This work revisited the seemingly “bad” idea of storing tags along with data in a DRAM-based 3D stacked cache supporting 64-byte cachelines. By considering the actual operation of a DRAM device, rather than abstracting it away as a constant-latency delay, we show that scheduling DRAM-cache tag and data lookups as compound accesses can make this tags-in-DRAM cache organization practical. Furthermore, by decoupling the problem of tracking which cache lines are resident in the DRAM cache from the problem of tracking where in the cache these lines can be found, the MissMap allows us to compactly track a very large amount of memory. The combination of these two techniques delivers an overall DRAM cache architecture that provides a substantial fraction of the performance benefit only attainable by an ideal DRAM cache assisted with an impractically large SRAM tag array. In the longer term, operating system-visible memory is probably still desirable. Many (non-server) applications have memory footprints that fit within the capacity of a stacked DRAM, so it would be simpler to directly map all of that program’s memory directly into the stacked DRAM from the start of execution. This avoids the need to track the program to determine hot pages, and it also avoids the problems associated with caches (i.e., tag overheads, and transferring data from off-chip to the stacked DRAM and back). Even for applications with working sets that do not fit in the stacked DRAM, there exists significant higher-level information (application-level) that can be leveraged to select the subset of memory that should be mapped to the stacked DRAM. Implementing this requires many changes throughout the software stack (operating systems, compilers, runtime, and/or the user applications themselves), and these changes take time. Such software-exposed stacked memory may start in the embedded and mobile domains where companies can own, control, and co-optimize the entire hardwaresoftware stack. Until this happens in the high-performance domain, however, stacked DRAM will likely need to be deployed as a cache, and this work provides a reasonable way forward.

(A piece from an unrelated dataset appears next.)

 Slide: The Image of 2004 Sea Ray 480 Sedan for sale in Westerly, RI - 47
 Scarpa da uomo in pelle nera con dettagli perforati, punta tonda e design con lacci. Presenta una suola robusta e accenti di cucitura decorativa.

Acknowledgments Work by Hill was performed largely while he was on sabbatical at AMD Research. At Wisconsin, Hill is supported in part by NSF (CNS-0720565, CNS-0916725, and CNS-1117280) and Sandia/DOE (#MSN123960/DOE890426).

8.

REFERENCES

[1] N. Binkert, B. Beckmann, G. Black, S. K. Reinhardt, A. Saidi, A. Basu, J. Hestness, D. R. Hower, T. Krishna, S. Sardashti, R. Sen, K. Sewell, M. Shoaib, N. Vaish, M. D. Hill, and D. A. Wood. gem5: A Multiple-ISA Full System Simulator with Detailed Memory Model. Computer Architecture News, 39, June 2011. [2] N. L. Binkert, R. G. Dreslinski, L. R. Hsu, K. T. Lim, A. G. Saidi, and S. K. Reinhardt. The M5 Simulator: Modeling Networked Systems. IEEE Micro Magazine, 26(4):52–60, July–August 2006. [3] B. Black, M. M. Annavaram, E. Brekelbaum, J. DeVale, L. Jiang, G. H. Loh, D. McCauley, P. Morrow, D. W. Nelson, D. Pantuso, P. Reed, J. Rupley, S. Shankar, J. P. Shen, and C. Webb. Die-Stacking (3D) Microarchitecture. In Proc. of the 39th Intl. Symp. on Microarchitecture, Orlando, FL, December 2006. [4] B. Black, D. Nelson, C. Webb, and N. Samra. 3D Processing Technology and its Impact on IA32 Microprocessors. In Proc. of the 22nd Intl. Conf. on Computer Design, pages 316–318, San Jose, CA, October 2004. [5] J. F. Cantin, M. H. Lipasti, and J. E. Smith. Improving Multiprocessor Performance with Coarse-Grain Coherence Tracking. In Proc. of the 32nd Intl. Symp. on Computer Architecture, pages 246–257, Madison, WI, June 2005.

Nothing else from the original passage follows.